I just got a call to do a shoot next week for a local day care - Christmas themed.  I've been against painted ones mainly because I think they look cheesy often, but this time it may serve its purpose.  So, I'm in the market for some Christmas backdrops to receive in less than a week.  Any ideas places to get one without spending $199?

On the other hand, boy I'm spiffy with photoshop - does ANYONE have decent success with chroma-key and photoshopping in a background/texture?


----------



## table1349 (Nov 10, 2008)

Amvona 
http://www.amvona.com/?page=shop/subcat&category_id=02bb3f30da9e548a6f6ef2e1f501fd49

They are decent enough from what I have heard from other people.  I usually buy locally or get them hand painted.  A good friend is a wonderful artist and she loves painting backgrounds for me.  

As for Chroma Key one of the secrets I learned from a graphic artist friend of mine that does quite a bit of work in that area is the need for perfect lighting.  If you lighting is dead on across the whole screen it makes post processing a whole lot easier.  Of course they have an outragesly expensive Chroma Key set up in their studio.


----------



## Big Mike (Nov 11, 2008)

For Christmas shoots, I've found that a simple white backdrop works well, especially if you add a few simple props like Christmas decorations.  I've also experimented with just adding a few things in post, rather than replacing the whole background, you can easily put in a Christmas border or a few details/frills here and there.


----------



## JerryPH (Nov 11, 2008)

Chromakey is very interesting in these kinds of scenarios if you are really comfortable with it.  The thing is that the client doesn't see the background until after things are completed in PP.

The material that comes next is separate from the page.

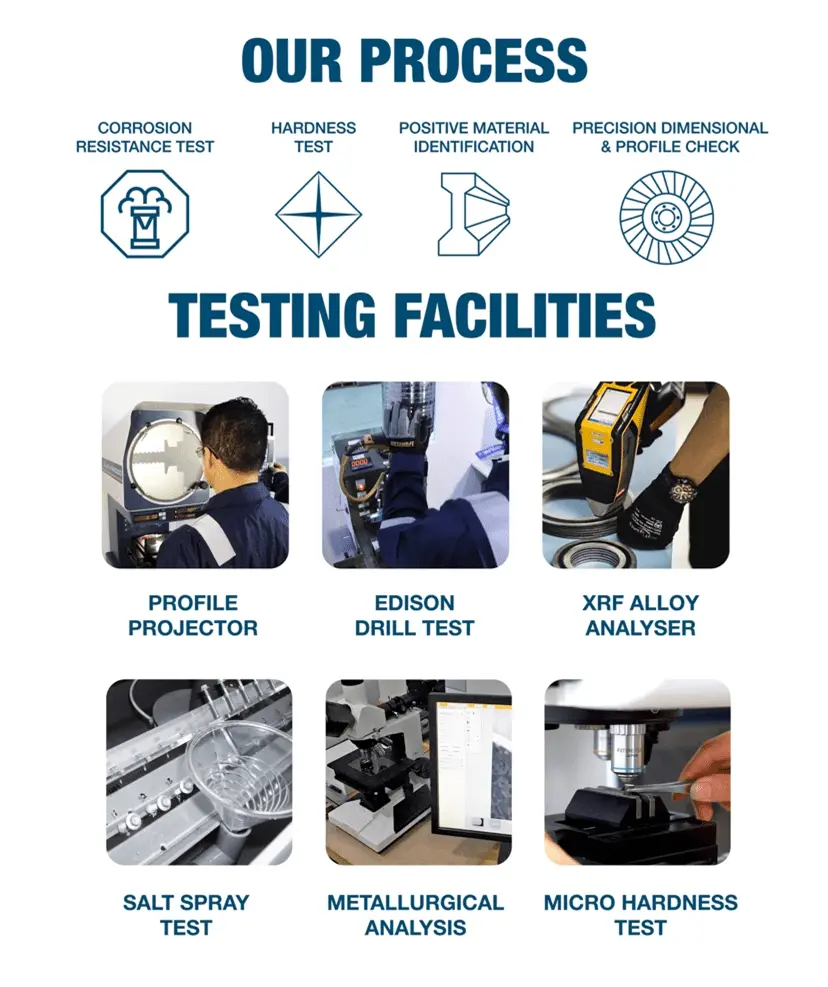 Our process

I would think that variety is the spice of life, though.  To have a chromakey background and a white background with a few props (dollar store santa hats, reindeer antlers, decorations) make all the difference.

Have fun with it!

Edit:

A few more ideas:







http://www.bhphotovideo.com/c/product/352681-REG/Botero_COSC723__C723_5x7_Scenic_Background.html

http://www.bhphotovideo.com/c/product/352682-REG/Botero_COSC724__C724_5x7_Scenic_Background.html

http://www.bhphotovideo.com/c/product/352684-REG/Botero_COSC725__C725_5x7_Scenic_Background.html

Anyways, you get the idea.  There are more related varieties at BHphoto for you to check out.


----------



## keith204 (Nov 11, 2008)

Mike, do you have examples of when you used props?  Thanks for the links, Jerry.  Boy I just hate the cost of things like this...especially with paintings on them - it seems like they won't have many uses.  Good point about variety.


----------



## JerryPH (Nov 11, 2008)

The local strobist group is having a shoot within 2-3 weeks in a full real "rent a photo studio" place for us... I'm going this coming weekend to the corner store with $20 and coming back with at least 20 Christmas props for my shoot on that day. 

Muselins and related things are very expensive if you don't DIY, and I personally would not pop for a specific Christmas backdrop , but if you make money with it... why not?  

Another thought... my niece is an incredible artist and if I purchased a king sized bed sheet for $25 that is all it would cost me and she would paint me any scene I wanted on it including some incredible Christmas scene... though her specialty is fantasy (Santa with fairy wings, anyone?  lol).  Maybe you could find someone willing to do something similar like that for you?


----------



## kundalini (Nov 11, 2008)

You might want to check out *JoAnn Fabrics* for plain muslin.


----------



## Big Mike (Nov 11, 2008)

Excuse the not-so-great lighting but here are a couple from a shoot I did.


----------



## zen_and_ink (Nov 12, 2008)

I like that second shot BigMike. Boy it really looks as if they are checking out what's under the tree.


----------